Reputation: 155
I have a dataset a
with 5 variables and want to filter it like this:
a1 <- a %>% filter(var_1 != 1 , var_2 != 1 , var_3 != 1 , var_4 != 1 , variable_5 != 1)
I was wondering if anything like this (pseudo code) existed:
a1 <- a %>% filter(anyvariable != 1)
In other words I would like to get rid of all the rows with value 1, no matter where it appears. 1 is just a random number. It could have been 9, 99, or whatever else! Thanks!
Upvotes: 9
Views: 16407
Reputation: 1335
@George Wood's answer works, but all_vars
has been superseded by the use of if_all
inside an existing verb, in this case filter
instead of the scoped variant filter_all
. @George Wood's answers can be updated by changing some_data %>% filter_all(all_vars(.

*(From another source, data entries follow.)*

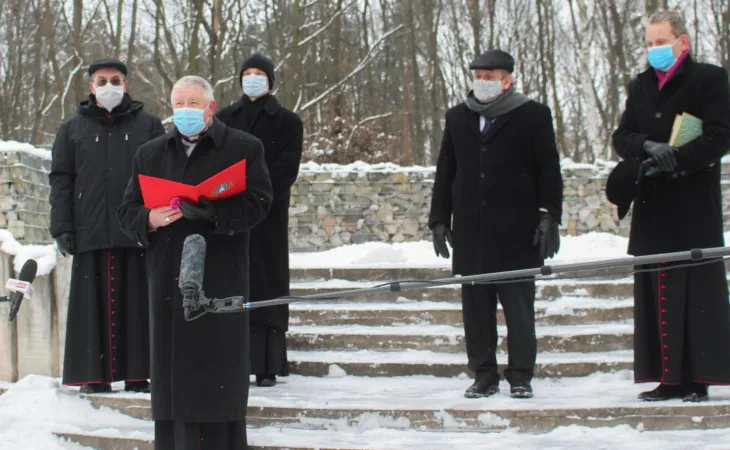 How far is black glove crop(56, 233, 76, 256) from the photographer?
5.87 metres

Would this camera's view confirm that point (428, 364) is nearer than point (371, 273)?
Yes

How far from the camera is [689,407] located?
196 inches

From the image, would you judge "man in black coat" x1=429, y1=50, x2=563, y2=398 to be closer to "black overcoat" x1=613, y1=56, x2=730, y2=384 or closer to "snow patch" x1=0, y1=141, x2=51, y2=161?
"black overcoat" x1=613, y1=56, x2=730, y2=384

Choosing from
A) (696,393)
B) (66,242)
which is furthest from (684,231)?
(66,242)

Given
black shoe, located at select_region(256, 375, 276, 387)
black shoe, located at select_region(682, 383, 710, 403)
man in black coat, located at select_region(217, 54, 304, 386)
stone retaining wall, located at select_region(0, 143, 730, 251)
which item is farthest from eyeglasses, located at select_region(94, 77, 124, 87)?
stone retaining wall, located at select_region(0, 143, 730, 251)

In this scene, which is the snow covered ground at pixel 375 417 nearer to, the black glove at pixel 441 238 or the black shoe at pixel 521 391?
the black shoe at pixel 521 391

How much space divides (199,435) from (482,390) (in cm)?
174

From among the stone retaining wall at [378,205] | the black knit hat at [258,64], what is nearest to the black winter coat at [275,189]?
the black knit hat at [258,64]

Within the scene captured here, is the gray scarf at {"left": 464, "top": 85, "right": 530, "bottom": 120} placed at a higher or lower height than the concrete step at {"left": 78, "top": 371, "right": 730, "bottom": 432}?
higher

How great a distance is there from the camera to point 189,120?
14.3 feet

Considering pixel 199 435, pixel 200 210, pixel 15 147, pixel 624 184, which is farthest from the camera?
pixel 15 147

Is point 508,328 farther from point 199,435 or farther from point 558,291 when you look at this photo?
point 558,291

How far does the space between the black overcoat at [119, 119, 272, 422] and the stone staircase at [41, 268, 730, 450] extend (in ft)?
2.34

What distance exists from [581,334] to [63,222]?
3312mm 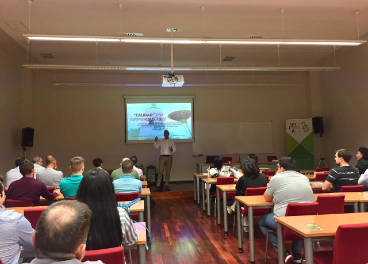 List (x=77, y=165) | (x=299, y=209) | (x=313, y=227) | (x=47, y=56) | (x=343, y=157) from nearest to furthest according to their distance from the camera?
1. (x=313, y=227)
2. (x=299, y=209)
3. (x=77, y=165)
4. (x=343, y=157)
5. (x=47, y=56)

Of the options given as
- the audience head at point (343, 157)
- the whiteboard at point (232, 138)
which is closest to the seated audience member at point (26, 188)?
the audience head at point (343, 157)

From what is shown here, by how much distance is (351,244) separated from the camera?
208cm

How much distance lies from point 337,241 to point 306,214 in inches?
38.5

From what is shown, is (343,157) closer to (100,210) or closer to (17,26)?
(100,210)

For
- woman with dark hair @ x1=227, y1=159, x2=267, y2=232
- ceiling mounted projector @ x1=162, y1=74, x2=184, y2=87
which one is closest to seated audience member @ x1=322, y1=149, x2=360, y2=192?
woman with dark hair @ x1=227, y1=159, x2=267, y2=232

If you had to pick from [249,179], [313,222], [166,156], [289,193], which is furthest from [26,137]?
[313,222]

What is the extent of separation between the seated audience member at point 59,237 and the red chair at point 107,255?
0.51 meters

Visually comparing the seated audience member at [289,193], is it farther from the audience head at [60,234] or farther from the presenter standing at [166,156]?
the presenter standing at [166,156]

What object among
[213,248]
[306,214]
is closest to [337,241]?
[306,214]

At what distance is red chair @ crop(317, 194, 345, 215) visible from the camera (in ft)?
10.7

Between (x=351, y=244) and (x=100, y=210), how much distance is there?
1.74 m

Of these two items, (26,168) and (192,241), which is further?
(192,241)

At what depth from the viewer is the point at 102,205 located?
183 cm

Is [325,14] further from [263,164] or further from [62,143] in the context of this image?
[62,143] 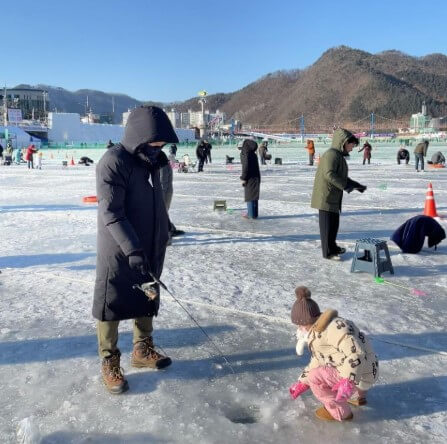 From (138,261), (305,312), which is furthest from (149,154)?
(305,312)

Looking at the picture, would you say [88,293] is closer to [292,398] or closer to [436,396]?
[292,398]

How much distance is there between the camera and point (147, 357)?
3.38 meters

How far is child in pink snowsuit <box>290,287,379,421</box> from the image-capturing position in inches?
105

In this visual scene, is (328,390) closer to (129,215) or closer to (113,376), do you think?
(113,376)

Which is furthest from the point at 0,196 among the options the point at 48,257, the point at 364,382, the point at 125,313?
the point at 364,382

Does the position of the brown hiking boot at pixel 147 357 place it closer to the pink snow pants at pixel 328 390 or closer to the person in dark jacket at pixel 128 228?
the person in dark jacket at pixel 128 228

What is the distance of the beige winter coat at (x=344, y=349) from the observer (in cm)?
266

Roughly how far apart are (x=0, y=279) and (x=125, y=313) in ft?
10.5

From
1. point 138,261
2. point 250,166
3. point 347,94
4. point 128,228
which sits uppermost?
point 347,94

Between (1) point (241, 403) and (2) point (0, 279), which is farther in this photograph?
(2) point (0, 279)

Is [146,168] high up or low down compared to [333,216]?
up

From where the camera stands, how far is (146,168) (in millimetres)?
2998

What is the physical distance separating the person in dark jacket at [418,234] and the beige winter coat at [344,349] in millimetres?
4079

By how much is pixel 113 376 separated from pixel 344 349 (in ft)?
4.69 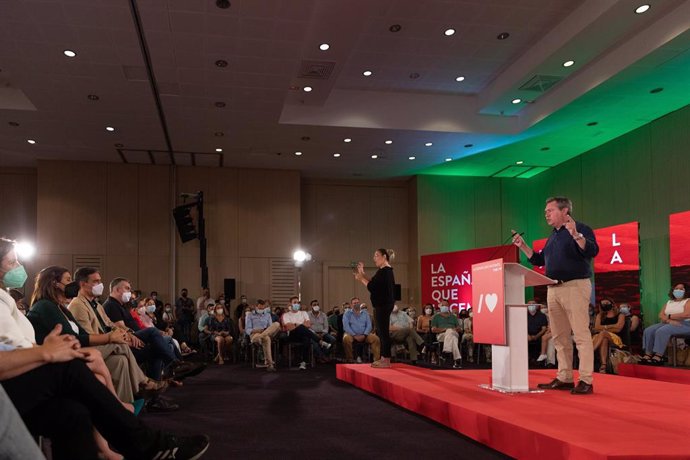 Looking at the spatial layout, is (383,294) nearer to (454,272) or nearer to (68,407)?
(68,407)

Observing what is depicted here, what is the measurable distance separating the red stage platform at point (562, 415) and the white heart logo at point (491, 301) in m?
0.60

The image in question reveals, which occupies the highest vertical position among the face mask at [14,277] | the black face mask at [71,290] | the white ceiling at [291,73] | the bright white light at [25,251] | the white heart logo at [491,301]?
the white ceiling at [291,73]

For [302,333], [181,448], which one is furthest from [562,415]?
[302,333]

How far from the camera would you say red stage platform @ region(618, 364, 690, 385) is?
6027 mm

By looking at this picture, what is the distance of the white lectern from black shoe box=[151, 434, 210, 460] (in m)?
2.41

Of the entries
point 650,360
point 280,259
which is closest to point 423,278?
point 280,259

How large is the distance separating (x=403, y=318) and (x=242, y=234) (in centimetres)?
530

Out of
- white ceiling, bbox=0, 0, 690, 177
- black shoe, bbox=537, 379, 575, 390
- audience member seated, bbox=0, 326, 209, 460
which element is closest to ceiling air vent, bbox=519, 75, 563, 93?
white ceiling, bbox=0, 0, 690, 177

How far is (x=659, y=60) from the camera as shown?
8.20 m

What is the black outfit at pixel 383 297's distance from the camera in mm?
6062

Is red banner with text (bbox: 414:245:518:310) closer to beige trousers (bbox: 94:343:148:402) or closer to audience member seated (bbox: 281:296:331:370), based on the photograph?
audience member seated (bbox: 281:296:331:370)

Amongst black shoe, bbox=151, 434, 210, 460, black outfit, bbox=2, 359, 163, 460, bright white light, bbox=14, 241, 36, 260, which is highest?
bright white light, bbox=14, 241, 36, 260

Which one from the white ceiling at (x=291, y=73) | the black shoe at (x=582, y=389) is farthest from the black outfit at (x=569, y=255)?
the white ceiling at (x=291, y=73)

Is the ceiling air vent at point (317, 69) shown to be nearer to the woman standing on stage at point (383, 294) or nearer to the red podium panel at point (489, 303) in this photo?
the woman standing on stage at point (383, 294) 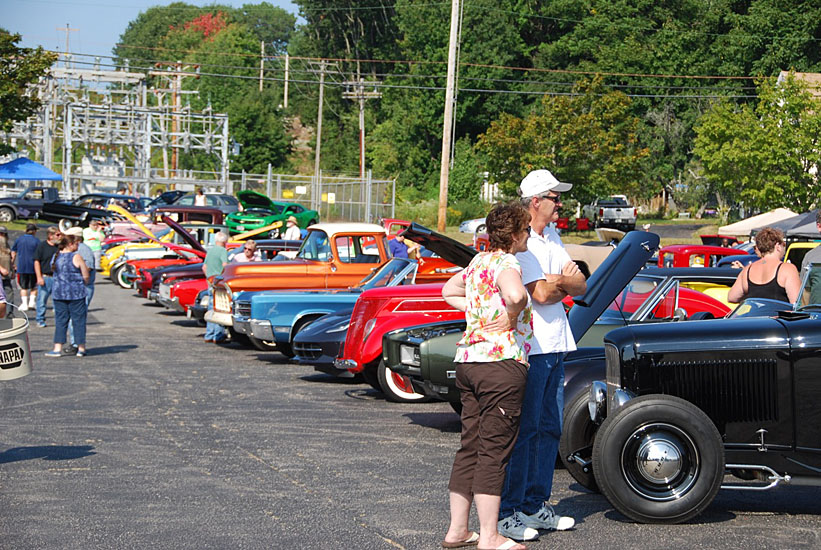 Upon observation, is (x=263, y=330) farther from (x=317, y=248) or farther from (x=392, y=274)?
(x=317, y=248)

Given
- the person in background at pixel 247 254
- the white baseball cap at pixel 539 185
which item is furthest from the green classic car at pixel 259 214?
the white baseball cap at pixel 539 185

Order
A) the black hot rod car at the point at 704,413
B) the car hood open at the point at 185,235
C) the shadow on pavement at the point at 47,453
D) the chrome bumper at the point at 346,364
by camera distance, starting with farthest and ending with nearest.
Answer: the car hood open at the point at 185,235 < the chrome bumper at the point at 346,364 < the shadow on pavement at the point at 47,453 < the black hot rod car at the point at 704,413

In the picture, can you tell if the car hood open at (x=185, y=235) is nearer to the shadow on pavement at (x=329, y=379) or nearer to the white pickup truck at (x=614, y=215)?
the shadow on pavement at (x=329, y=379)

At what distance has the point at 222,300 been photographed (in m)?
17.1

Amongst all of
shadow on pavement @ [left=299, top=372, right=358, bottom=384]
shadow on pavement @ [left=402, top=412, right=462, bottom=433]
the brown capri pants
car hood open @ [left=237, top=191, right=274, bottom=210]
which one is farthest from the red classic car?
car hood open @ [left=237, top=191, right=274, bottom=210]

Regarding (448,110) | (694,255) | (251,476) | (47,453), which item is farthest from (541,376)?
(448,110)

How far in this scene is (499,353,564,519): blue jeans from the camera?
20.1 feet

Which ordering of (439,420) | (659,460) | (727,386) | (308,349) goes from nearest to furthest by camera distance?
(659,460), (727,386), (439,420), (308,349)

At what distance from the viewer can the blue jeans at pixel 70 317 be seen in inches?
611

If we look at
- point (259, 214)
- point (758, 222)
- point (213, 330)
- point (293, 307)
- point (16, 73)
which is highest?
→ point (16, 73)

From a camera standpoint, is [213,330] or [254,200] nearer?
[213,330]

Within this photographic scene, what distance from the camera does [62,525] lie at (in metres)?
6.52

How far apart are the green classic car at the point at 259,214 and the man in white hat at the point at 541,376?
29.7m

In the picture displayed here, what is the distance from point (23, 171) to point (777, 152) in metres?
30.7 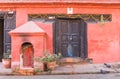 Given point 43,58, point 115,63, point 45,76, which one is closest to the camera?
point 45,76

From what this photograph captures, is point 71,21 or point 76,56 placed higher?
point 71,21

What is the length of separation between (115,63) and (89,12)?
3132 mm

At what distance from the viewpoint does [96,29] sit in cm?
1625

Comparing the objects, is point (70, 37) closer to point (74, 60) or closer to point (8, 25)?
point (74, 60)

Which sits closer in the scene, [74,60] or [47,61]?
[47,61]

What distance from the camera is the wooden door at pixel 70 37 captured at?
1642cm

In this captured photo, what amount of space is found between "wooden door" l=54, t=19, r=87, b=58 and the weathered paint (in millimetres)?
475

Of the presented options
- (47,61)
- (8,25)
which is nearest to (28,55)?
(47,61)

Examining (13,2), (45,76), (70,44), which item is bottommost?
(45,76)

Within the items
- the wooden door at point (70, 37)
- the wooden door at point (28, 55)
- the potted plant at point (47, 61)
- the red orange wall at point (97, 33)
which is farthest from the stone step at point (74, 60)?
the wooden door at point (28, 55)

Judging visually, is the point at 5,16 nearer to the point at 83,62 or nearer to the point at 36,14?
the point at 36,14

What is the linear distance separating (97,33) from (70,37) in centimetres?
152

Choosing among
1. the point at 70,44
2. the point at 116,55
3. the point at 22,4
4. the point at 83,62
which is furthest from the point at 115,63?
the point at 22,4

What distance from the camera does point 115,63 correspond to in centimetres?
1562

to some_data %>% filter(if_all(.fns = ~ .x
Upvotes: 1
Reputation: 1984
You can use filter_all
in combination with all_vars
from dplyr
, as follows:
some_data <- tibble(var1 = c("a", "b", "c"),
var2 = c(2, 4, 1),
var3 = c(1, 6, 5))
# # A tibble: 3 x 3
# var1 var2 var3
# <chr> <dbl> <dbl>
# 1 a 2.00 1.00
# 2 b 4.00 6.00
# 3 c 1.00 5.00
some_data %>% filter_all(all_vars(. != 1))
# # A tibble: 1 x 3
# var1 var2 var3
# <chr> <dbl> <dbl>
# 1 b 4.00 6.00
This will remove rows in which a variable includes 1. In the above example, this removes the first and third rows. However, be cautious with NA values:
some_data <- tibble(var1 = c("a", "b", "c"),
var2 = c(2, NA, 1),
var3 = c(1, 6, 5))
# # A tibble: 3 x 3
# var1 var2 var3
# <chr> <dbl> <dbl>
# 1 a 2.00 1.00
# 2 b NA 6.00
# 3 c 1.00 5.00
some_data %>% filter_all(all_vars(. != 1))
# # A tibble: 0 x 3
# # ... with 3 variables: var1 <chr>, var2 <dbl>, var3 <dbl>
Note that the second row does not contain a 1, but is filtered anyway. In this specific example, you can avoid such behavior by:
some_data %>% filter_all(all_vars(. != 1 | is.na(.)))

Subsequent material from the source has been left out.